Calculating the Mean

When most people say "average," they mean the arithmetic mean. Add up all the values and divide by how many there are. That's it. You can think of it as the balancing point: if every value in the dataset were adjusted to equal the mean, the total wouldn't change.

Formula: Mean = (Sum of all values) ÷ (Number of values)

Dataset: 14, 19, 22, 22, 28, 31, 35
Sum = 14 + 19 + 22 + 22 + 28 + 31 + 35 = 171
Count = 7
Mean = 171 ÷ 7 = 24.43 (to 2 d.p.)

The mean uses every value, which sounds great, but it's also why it can mislead you. One extreme value, high or low, can pull the mean far away from where most of the data actually is. If one person scores 100 and everyone else scores 50, the mean looks fine on paper but it's kind of lying to you.

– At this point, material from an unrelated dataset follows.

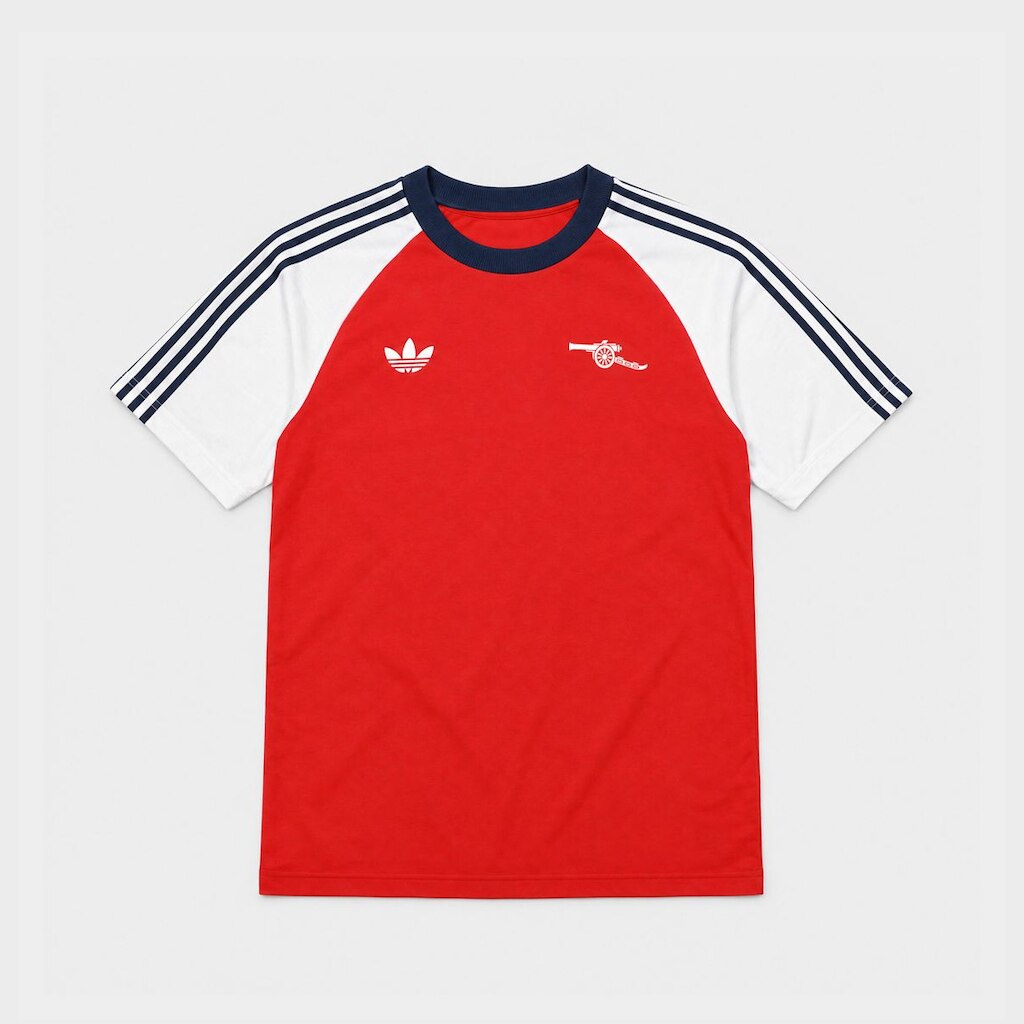 Camisa Arsenal Adidas Originals Masculina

For a weighted mean, multiply each value by its weight, sum the products, then divide by the total of the weights. Teachers use it all the time when different assignments count for different portions of your final grade.

Finding the Median

The median is the middle value of a sorted dataset. Sort everything from smallest to largest, find the middle, and that's it. Half the values sit below it, half above. And here's the key thing: extreme values don't move the median at all.

Odd Number of Values

Dataset: 7, 11, 14, 18, 23, 29, 34
(Already sorted - 7 values)
Middle position = (7 + 1) ÷ 2 = position 4
Median = 18

Even Number of Values

When the count is even, there's no exact middle, so you take the two central values and average them.

Dataset: 5, 9, 13, 17, 24, 30
(6 values - two middle values are at positions 3 and 4)
Middle values: 13 and 17
Median = (13 + 17) ÷ 2 = 15

Always sort the data first. Seriously, always. Finding the median from an unsorted list is one of the most common mistakes, and the position only makes sense when the numbers are in order.

Identifying the Mode

The mode is simply the value that shows up most often. There's no formula. You count how many times each value appears and report the one with the highest count.

Dataset: 4, 7, 7, 9, 11, 13, 13, 13, 15
Frequency: 4→1, 7→2, 9→1, 11→1, 13→3, 15→1
Mode = 13 (appears 3 times)

A dataset can have more than one mode. If two values are tied for the top frequency, it's bimodal. Three or more and it's multimodal. If everything appears exactly once, there's no mode.

Bimodal example:
Dataset: 3, 5, 5, 8, 9, 9, 12
Mode = 5 and 9 (both appear twice)

The mode is the only average that works with categorical data, stuff that falls into named groups rather than numbers. The most popular item on a menu, the most common shoe size sold, the most frequent answer in a survey, those are all modal values. You can't really take a mean of shoe sizes and have it mean anything useful.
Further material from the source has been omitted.